Where pictures appear, omit them, and copy exactly only the lines from the start of the listing through the line containing "The next one", both included.
Input data: Begin
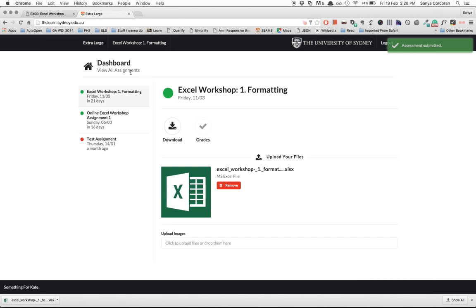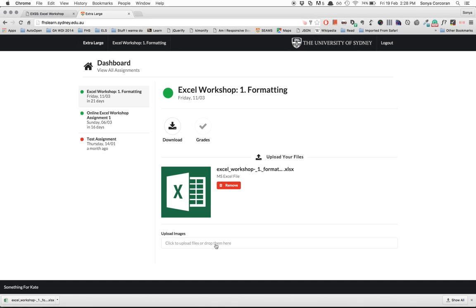And that's it, your assignment is submitted. For some assignments you will need to create a chart and for this you need to save the chart as a picture on your desktop and then upload the charts as images with your assignment.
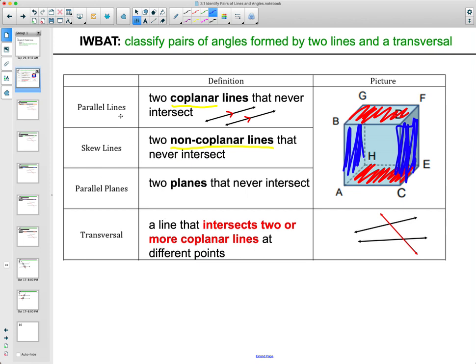Then we have a transversal, which is where we're going to spend a lot of our time today. You can see we have these two black lines and then a red line going through — a transversal is going to intersect at least two lines. So just picture two lines and then another line drawn through them.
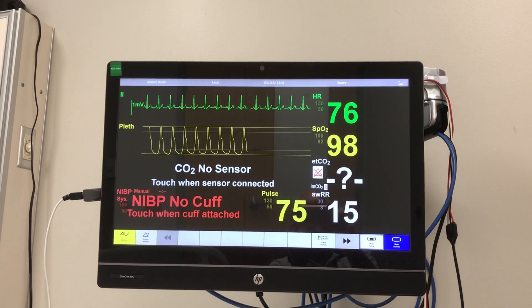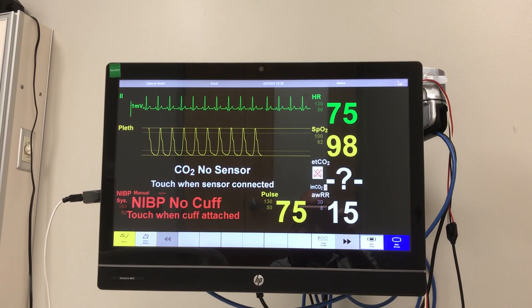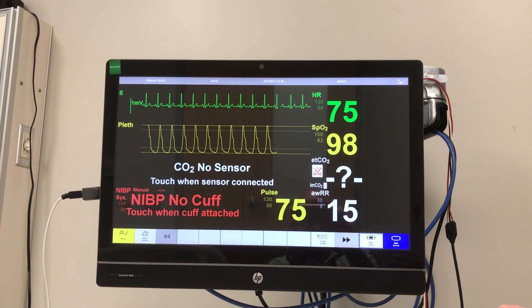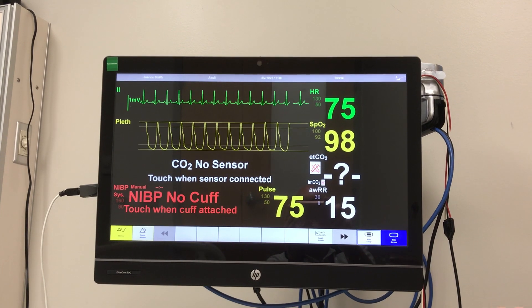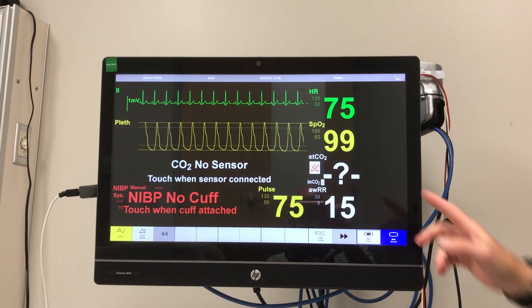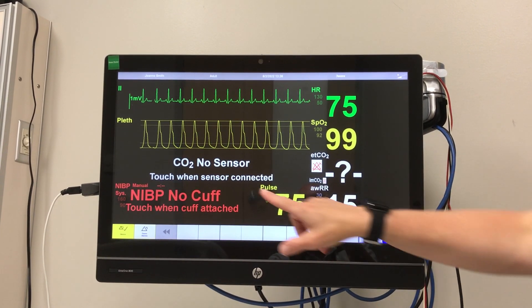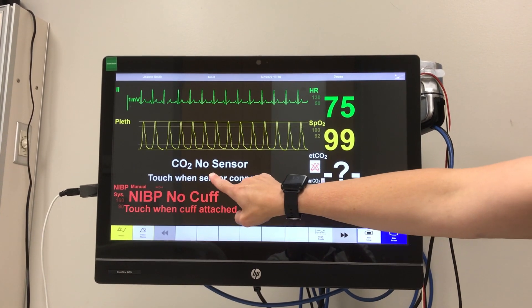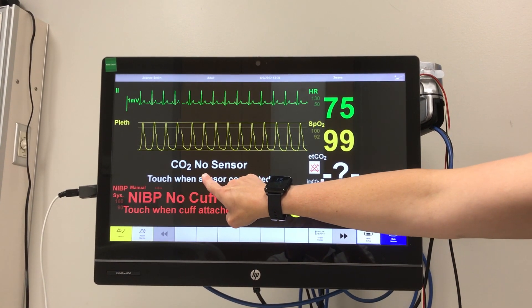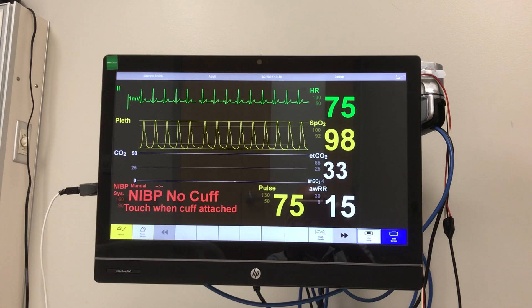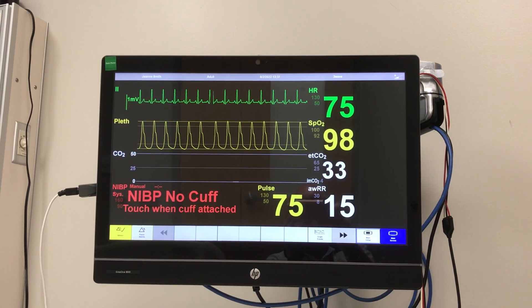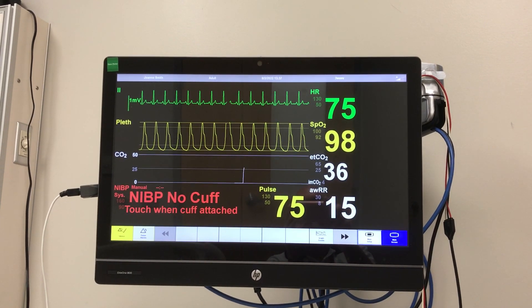The next one here is end tidal CO2. That's not used for every simulation, but if it is, you'll have it available. Once it's attached, you just touch there and you're going to get a reading for that as well.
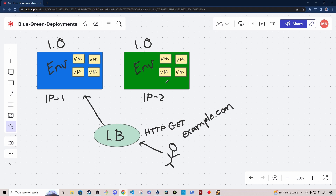The first step in the blue-green deployment process is to make an identical copy of your production environment. In our case, it means we're going to be replicating our environment to a new cluster of virtual machines. This could also be applied in the context of Kubernetes — maybe the duplication of the production cluster is creating a second identical cluster, or making some sort of logical separation within a single cluster to create two identical production environments where your application is deployed to containers.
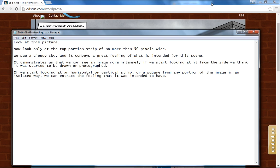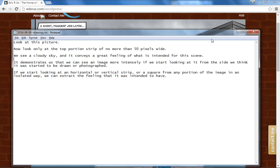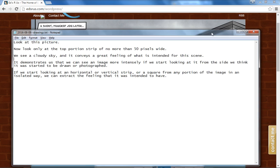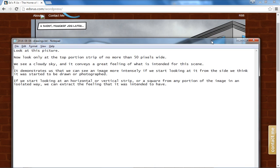It demonstrates that we can see an image more intensely if we start looking at it from the side we think it was started to be drawn or photographed.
Input data: End
• **Response**:
And that's it, your assignment is submitted. For some assignments you will need to create a chart and for this you need to save the chart as a picture on your desktop and then upload the charts as images with your assignment.
Then we have a transversal, which is where we're going to spend a lot of our time today. You can see we have these two black lines and then a red line going through — a transversal is going to intersect at least two lines. So just picture two lines and then another line drawn through them.
The next one here is end tidal CO2. That's not used for every simulation, but if it is, you'll have it available. Once it's attached, you just touch there and you're going to get a reading for that as well.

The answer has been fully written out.